# Lighting Question - New Tank



## mattmathis (Dec 13, 2008)

Hey all! I have been keeping fish for a pretty good while with mostly good luck.

I think now I"m ready to try a planted tank. So I'm gonna try and set one up for Christmas.

I have a 10 gallon tank, an aqua clear 30(150gph), 2 bags of Fluorite, a bag of sand, and the things to make the DIY CO2.

What I don't get is the lighting.

Right now I have a 20 in florescent 17 watt fixture. Will this be enough light? I was worried about the light intensity, 17 watts just doesn't sound that bright. even for a 10 gallon tank.

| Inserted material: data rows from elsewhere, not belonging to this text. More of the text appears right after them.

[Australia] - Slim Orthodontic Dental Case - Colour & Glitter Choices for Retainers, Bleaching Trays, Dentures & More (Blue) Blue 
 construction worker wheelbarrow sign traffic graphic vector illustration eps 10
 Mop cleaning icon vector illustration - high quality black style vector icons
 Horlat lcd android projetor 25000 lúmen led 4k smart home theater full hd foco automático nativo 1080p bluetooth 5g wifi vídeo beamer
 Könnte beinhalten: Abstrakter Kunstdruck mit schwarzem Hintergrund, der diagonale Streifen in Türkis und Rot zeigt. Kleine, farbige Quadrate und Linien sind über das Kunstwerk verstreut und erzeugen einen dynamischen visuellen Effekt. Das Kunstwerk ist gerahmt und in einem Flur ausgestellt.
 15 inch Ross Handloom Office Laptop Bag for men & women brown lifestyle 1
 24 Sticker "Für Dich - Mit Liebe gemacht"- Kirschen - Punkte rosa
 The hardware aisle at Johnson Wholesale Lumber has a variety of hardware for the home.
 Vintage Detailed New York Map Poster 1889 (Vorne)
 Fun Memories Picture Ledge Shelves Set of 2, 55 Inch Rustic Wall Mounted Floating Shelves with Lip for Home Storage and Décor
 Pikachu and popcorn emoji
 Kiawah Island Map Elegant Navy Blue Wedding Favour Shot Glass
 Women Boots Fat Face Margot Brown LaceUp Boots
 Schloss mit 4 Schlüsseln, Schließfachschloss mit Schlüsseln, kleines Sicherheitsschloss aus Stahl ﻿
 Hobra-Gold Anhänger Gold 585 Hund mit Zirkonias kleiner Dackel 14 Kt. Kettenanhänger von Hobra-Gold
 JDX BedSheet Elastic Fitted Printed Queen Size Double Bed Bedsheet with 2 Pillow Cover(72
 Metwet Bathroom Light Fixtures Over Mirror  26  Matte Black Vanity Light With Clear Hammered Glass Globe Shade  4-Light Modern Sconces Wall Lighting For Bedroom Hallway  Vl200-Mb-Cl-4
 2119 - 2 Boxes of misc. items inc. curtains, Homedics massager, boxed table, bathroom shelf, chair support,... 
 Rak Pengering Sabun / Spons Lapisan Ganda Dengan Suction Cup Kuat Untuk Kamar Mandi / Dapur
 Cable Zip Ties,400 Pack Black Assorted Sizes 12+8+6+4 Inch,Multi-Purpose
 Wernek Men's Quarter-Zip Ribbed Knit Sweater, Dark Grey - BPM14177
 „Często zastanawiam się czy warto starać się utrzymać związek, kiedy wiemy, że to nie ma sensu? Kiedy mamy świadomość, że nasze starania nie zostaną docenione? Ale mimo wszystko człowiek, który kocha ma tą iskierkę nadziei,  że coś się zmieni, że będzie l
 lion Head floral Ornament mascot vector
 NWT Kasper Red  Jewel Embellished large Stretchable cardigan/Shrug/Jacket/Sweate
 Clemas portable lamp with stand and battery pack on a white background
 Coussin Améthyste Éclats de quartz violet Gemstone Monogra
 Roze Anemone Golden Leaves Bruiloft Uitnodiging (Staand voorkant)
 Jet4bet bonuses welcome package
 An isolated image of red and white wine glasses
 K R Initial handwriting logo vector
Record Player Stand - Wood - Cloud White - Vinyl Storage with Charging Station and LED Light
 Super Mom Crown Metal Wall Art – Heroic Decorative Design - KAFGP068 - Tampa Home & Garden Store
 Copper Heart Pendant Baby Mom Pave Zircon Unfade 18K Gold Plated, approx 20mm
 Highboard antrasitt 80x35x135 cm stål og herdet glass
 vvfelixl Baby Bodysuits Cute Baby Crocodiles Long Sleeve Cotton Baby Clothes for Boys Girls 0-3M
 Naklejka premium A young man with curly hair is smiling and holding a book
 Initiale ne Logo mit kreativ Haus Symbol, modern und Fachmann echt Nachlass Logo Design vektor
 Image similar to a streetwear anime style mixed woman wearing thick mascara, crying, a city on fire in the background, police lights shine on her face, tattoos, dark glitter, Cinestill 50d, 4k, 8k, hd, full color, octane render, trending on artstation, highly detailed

I found this one but 4 WPG seems really high to start out with.
http://www.drsfostersmith.com/product/prod_display.cfm?c=3578+3733+11418&pcatid=11418

Any suggestions for lighting in this situation would be greatly appreciated.

Thanks in Advance!!!

Matt


----------



## Newt (Apr 1, 2004)

If you read the sticky on Proper Wattage you will see that a 10 gal tank needs around 40 watts of light. The 'Rule of Thumb Lighting' doesnt hold true with small and large tanks.

One bag of Flourite should be enough.


----------



## mattmathis (Dec 13, 2008)

Thanks, I did see that, but didn't know if it meant for newbies(like myself) too!

Should the DIY CO2 system be enough with that much light? And What would you recommend dosing at first?

Thanks again!


----------



## Newt (Apr 1, 2004)

If the DIY CO2 isnt enuff then you can augment it with Flourish Excel.

Dosing depends on many things. What dosing regimine will you be doing: PPS, EI, PMDD or other. Fishless cycling, cycle w/ fish or no fish ever. You will need to know your GH and KH. I recommend dry ferts except I'd use Flourish over CSM+B. There is probably enuff iron in Flourish so that you wont need to purchase iron for dosing. If you do I recomend the Flourish Iron. 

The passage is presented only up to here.